Brussels and pro-EU circles await a Macron victory as if for the Messiah. Ever since French and Dutch voters defeated referendums on the European constitutional treaty, in 2005, politicians have tempered pro-Europe declarations. Macron is France’s first unabashed European integrationist in more than a decade.
“If you’re timidly European you’ve already lost,” Macron told the Libération and La Repubblica newspapers in a recent interview.
“We have to stop acting as if we’re ashamed to build Europe,” Sylvie Goulard, a centrist MEP and Macron’s adviser on European affairs, says.
Le Pen “is our principal adversary, and the main debate is between her and me”, Macron told Le Monde. “She wants us to close up, turn inward. I defend openness.”
Le Pen is gambling that the French so dislike the EU that they will elect her to dig its grave. But her determination to abandon the euro could prove Le Pen’s undoing. Nearly three-quarters of respondents to a poll published by Le Figaro on March 26th said they do not want to return to the franc.
“People don’t want less Europe. They want a Europe that functions,” Macron says.
Passages of Macron’s manifesto, Révolution, could almost have been written by Le Pen.
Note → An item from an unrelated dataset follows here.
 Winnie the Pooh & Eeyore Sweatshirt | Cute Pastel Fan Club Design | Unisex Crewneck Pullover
He castigates the “exhaustion of ideas and methods” of “an entire system that is giving up the ghost and going in circles”.
Macron says the intergovernmental rule perpetuated by European Union heads of state and government is dead. “The summits have become a caricature,” he writes. “They meet behind closed doors, repeat broad principles, change a word in a declaration so as not to repeat what was said at the previous summit . . .”
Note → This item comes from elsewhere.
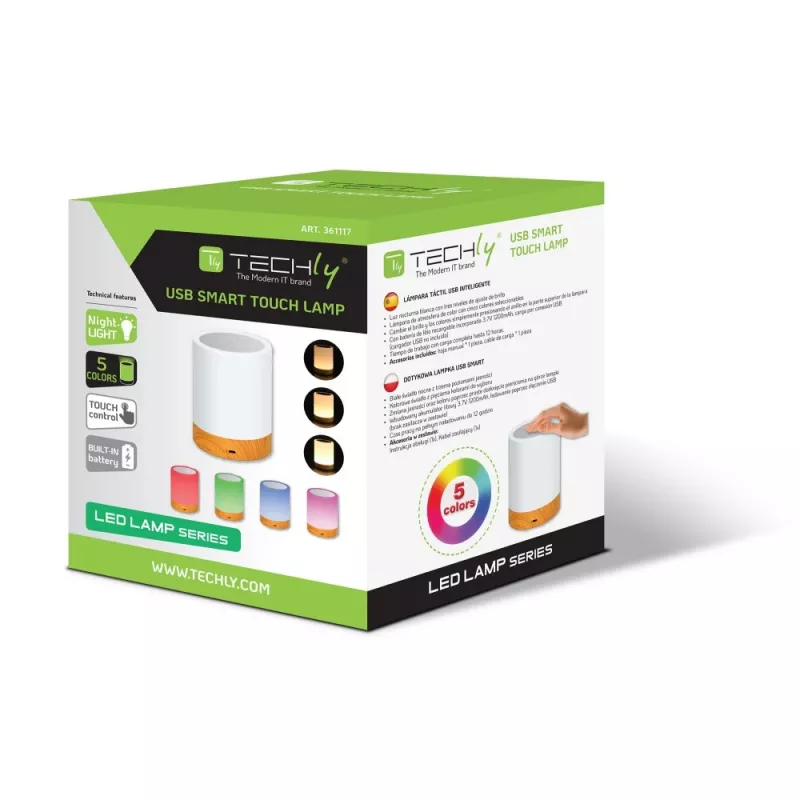 Lámpara de mesa Techly I-LED TOUCH 1,6 W blanca LED control táctil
A possible future minister for European affairs, Goulard says Macron wants to get away from the EU’s past obsession with structures and institutions.
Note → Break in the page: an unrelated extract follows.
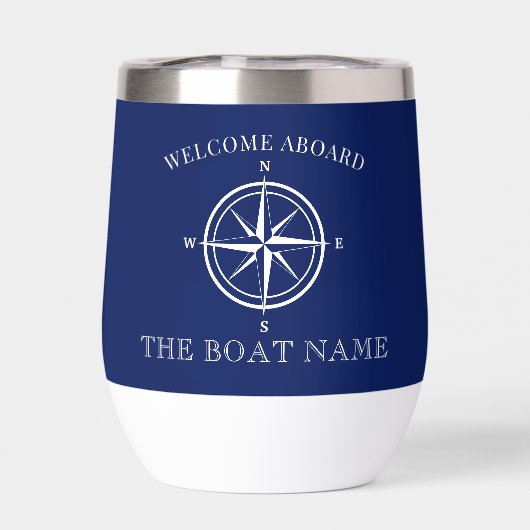 Nautical Compass Rose Welcome Aboard Boat Name (Achterkant)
Yet in his speech at Humboldt University in Berlin, Macron’s most detailed explanation of his European policy so far, he proposed half a dozen structures and institutions. If he is elected he will wait until the German election, in September, then launch “democratic conventions” across the EU for up to 10 months. They would culminate with a “roadmap for Europe” of “10 to 15 pages, where we define a clear list of actions . . . in terms of defence, security, fiscal convergence . . .”
Macron wants an EU digital agency to regulate a single digital market. He proposes an annual conference bringing together the EU and countries from which migrants originate and transit. He would mobilise at least 5,000 men and women in Frontex, the recently created European border and coastguard agency.
Macron would also create an EU defence headquarters, security council and intelligence agency. He wants the euro zone to name a finance minister and draw up a budget.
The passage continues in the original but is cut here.